Em caso recente julgado pelo STJ e noticiado no site do Tribunal, em 26 de setembro do corrente ano, entendeu-se que a partilha do direito real de usufruto de imóvel pode ser admitida, excepcionalmente, nos casos em que esse instituto é utilizado com o manifesto propósito de prejudicar a meação do cônjuge.

Com esse entendimento, a Terceira Turma do Superior Tribunal de Justiça (STJ) negou provimento ao recurso de ex-cônjuge que buscava desconstituir decisão que permitiu a partilha do usufruto sobre imóvel.

No caso analisado pelos ministros, após o pedido de divórcio, a demandante requereu a partilha do direito real de usufruto. Em primeira instância, foi determinada a partilha do próprio bem na proporção de 50% para cada.

O tribunal estadual reformou a sentença para permitir a partilha do direito de usufruto, e não da propriedade do bem. Segundo o relator do caso no STJ, ministro Marco Aurélio Bellizze, a conclusão do tribunal de origem foi correta.

“Acertado o entendimento adotado pelo tribunal de origem ao reformar a sentença que, distanciando-se do pedido e da causa de pedir delimitados na inicial, decretou a partilha do próprio imóvel. A subjacente ação de reconhecimento e dissolução de união estável, de divórcio c/c partilha de bens, como se vê, não se presta a infirmar a licitude do correlato negócio jurídico”, afirmou.

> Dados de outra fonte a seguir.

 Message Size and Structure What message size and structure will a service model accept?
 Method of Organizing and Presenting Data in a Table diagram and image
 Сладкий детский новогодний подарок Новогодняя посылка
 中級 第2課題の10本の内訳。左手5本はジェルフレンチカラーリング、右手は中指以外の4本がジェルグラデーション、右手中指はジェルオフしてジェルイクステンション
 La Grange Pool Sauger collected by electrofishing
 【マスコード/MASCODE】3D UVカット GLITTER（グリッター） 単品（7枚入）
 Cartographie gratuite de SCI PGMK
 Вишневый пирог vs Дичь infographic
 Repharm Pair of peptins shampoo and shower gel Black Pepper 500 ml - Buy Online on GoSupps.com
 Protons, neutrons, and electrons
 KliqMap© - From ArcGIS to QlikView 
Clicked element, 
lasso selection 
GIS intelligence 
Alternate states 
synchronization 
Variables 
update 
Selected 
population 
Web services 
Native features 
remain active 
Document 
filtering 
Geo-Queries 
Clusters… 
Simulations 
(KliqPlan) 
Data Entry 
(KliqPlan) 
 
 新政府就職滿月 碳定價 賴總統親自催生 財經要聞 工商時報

De acordo com o tribunal de origem, ainda durante a união estável, houve uma manobra para prejudicar a mulher: o imóvel foi comprado pelo companheiro e colocado em nome de seus filhos menores (frutos de relacionamentos atual e anterior), constando ele próprio como usufrutuário vitalício do bem.

Para o ministro Bellizze, o uso desvirtuado do instituto do usufruto não pode prejudicar o direito da parte à meação do bem adquirido na constância da união estável:

“Tem-se, portanto, que a intransmissibilidade do usufruto não pode se sobrepor ao desvirtuado uso do instituto, como se deu na hipótese, em que o recorrente, na vigência da união estável, utilizou-se de patrimônio integrante da comunhão de bens do casal para, por pessoas interpostas — no caso, seus filhos menores de idade (valendo-se do poder de representação) —, instituir em seu exclusivo benefício o direito real de usufruto.”

O relator destacou que, “reconhecido que ambos são titulares do direito real de usufruto, e não sendo viável o exercício simultâneo do direito, absolutamente possível a cessão do bem imóvel, a título oneroso, a terceiro (v.g., contrato de aluguel), cuja remuneração há de ser repartida, em porções iguais, entre os ex-cônjuges. Alternativamente, no caso de apenas um dos usufrutuários exercer o uso do bem, abre-se a via da indenização àquele que se encontra privado da fruição da coisa, compensação essa que pode se dar mediante o pagamento de valor correspondente à metade do valor estimado do aluguel do imóvel. Em qualquer hipótese, as despesas do imóvel hão de ser arcadas pelos dois usufrutuários”.